> **Data shown**
-------------------------

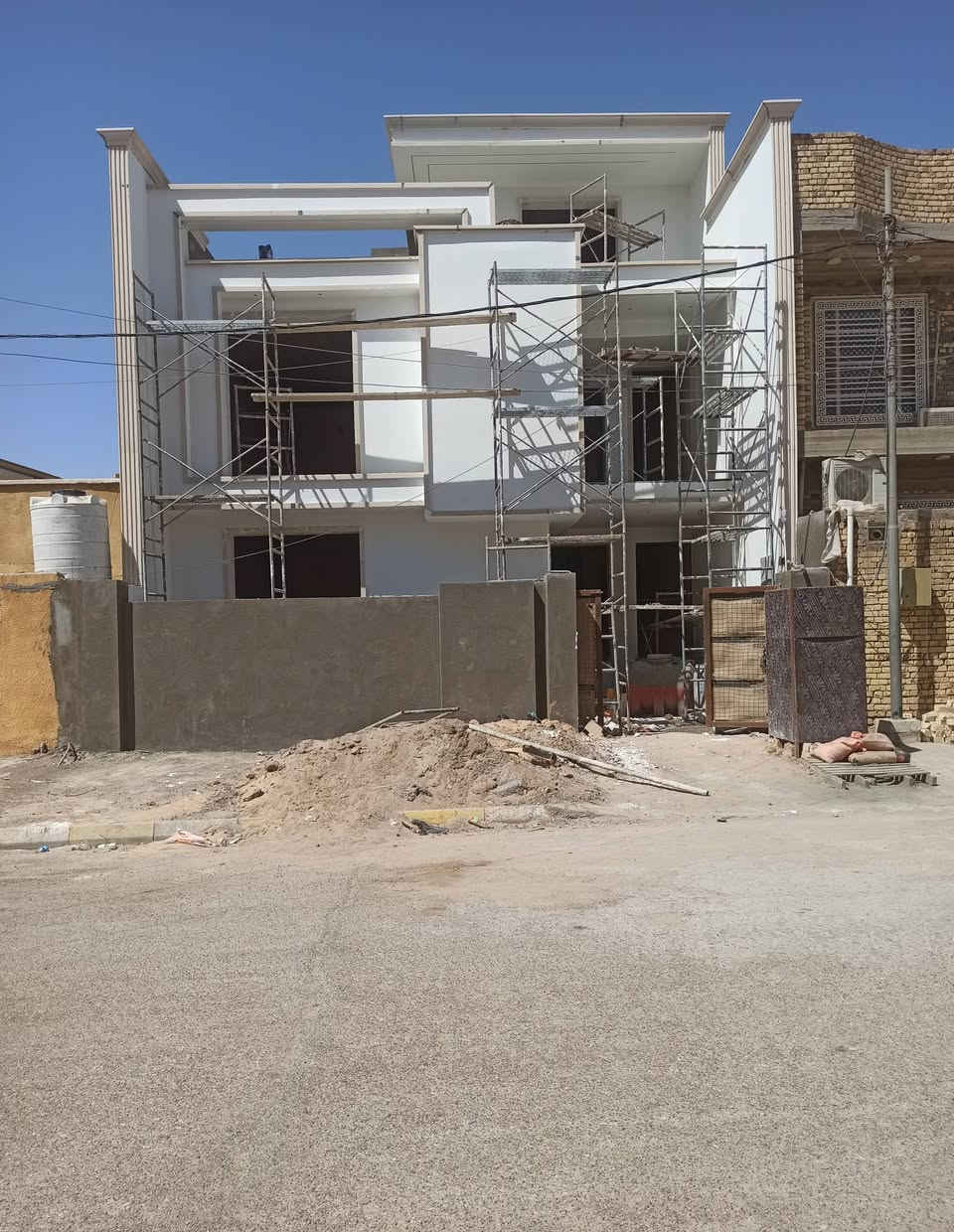 برج واسط لعمل كافة انواع الديكورات الخارجية 
حجر- حلان- بشتة- قرض- طلس- مرمر- فوم استربولي تركي-  وكافة انواع الديكورات بأسعار تنافسية
للتواصل الاتصال على الرقم. *********** او على الواتساب او مراسلة البيج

-------------------------

> **Exercise objective**
Restate the whole listing exactly as written, minus the pictures.

> **Task solution**
 برج واسط لعمل كافة انواع الديكورات الخارجية 
حجر- حلان- بشتة- قرض- طلس- مرمر- فوم استربولي تركي-  وكافة انواع الديكورات بأسعار تنافسية
للتواصل الاتصال على الرقم. *********** او على الواتساب او مراسلة البيج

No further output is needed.